The antler restrictions are designed to carryover an additional 85,000 bucks that normally would be harvested by hunters. That will have a significant impact on the statewide annual buck harvest, which has averaged about 192,000 over the past five years. The antlerless allocation is designed to stabilize the statewide population.
The overall archery harvest dropped from 78,522 in 2000 to 74,051 in 2001. Last year, bowhunters took 40,753 bucks, which is up from 38,453 in 2000.
In 1993, when Pennsylvania expanded its four-week fall archery season to six weeks, bowhunters harvested 49,409 deer. Since then, harvests have been increasing almost annually.

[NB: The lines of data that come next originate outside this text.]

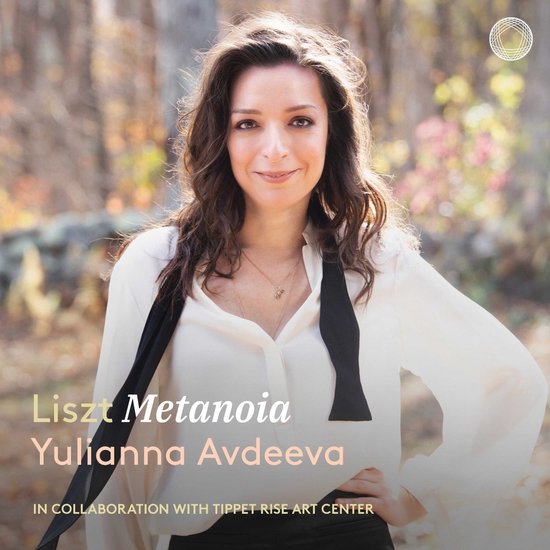 Yulianna Avdeeva draagt een witte blouse met zwarte strik. Tekst: Liszt Metanoia Yulianna Avdeeva.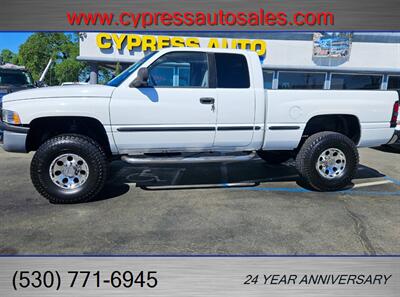 1998 Dodge Ram 2500 SLT  5.9L CUMMINS DIESEL 5SPD MANUAL 4X4   - Photo 2 - Auburn, CA 95603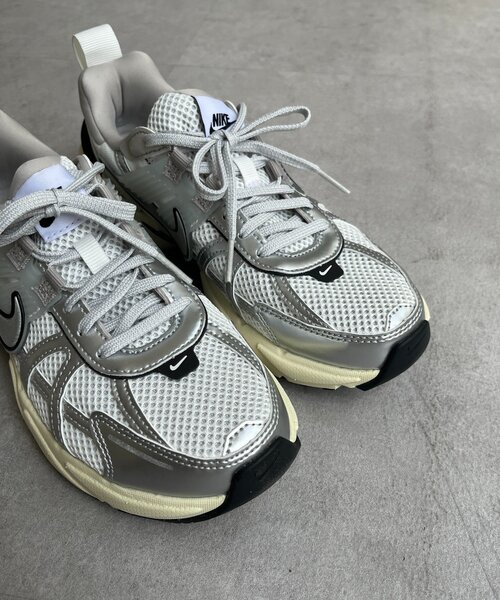 NIKE/ナイキ】 ウィメンズ V2K ラン（スニーカー）｜NIKE（ナイキ）の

Hunters heading afield for the opening day likely will face field conditions similar to those last year when drought impacted the availability of fall foods, and subsequently compelled deer to change their travel patterns in many areas of the state, particularly those at higher elevations. Gypsy moth defoliation also continues to impact some forested areas of the state's southcentral counties and this, too, may sway deer movements.
"Hunters shouldn't underestimate the importance of preseason and in-season scouting this fall, because the distribution of local deer populations may have been altered by the drought's impact on the distribution and abundance of natural foods," Alt said. "Depending on last year's hot spot, without scouting or finding active backup locations, could lead to a long, uneventful season. Scouting improves your chances of getting close to deer. Then the rest is up to you!"
The Game Commission urges bowhunters to take only responsible shots at deer to ensure a quick, clean kill. For most, that's a shot 20 yards or less at a deer broadside or quartering away. Bowhunters should shoot only at deer that are in their maximum effective shooting range - the furthest distance from which a hunter can consistently place arrows into a pie pan-sized target.
Archers also are reminded of regulatory changes in tackle requirements for the upcoming season. All bows must have a peak draw weight of at least 35 pounds. In addition, broadheads must have an outside diameter of at least 7/8th-inch with no less than two cutting edges in the same plane throughout the length of the cutting surface.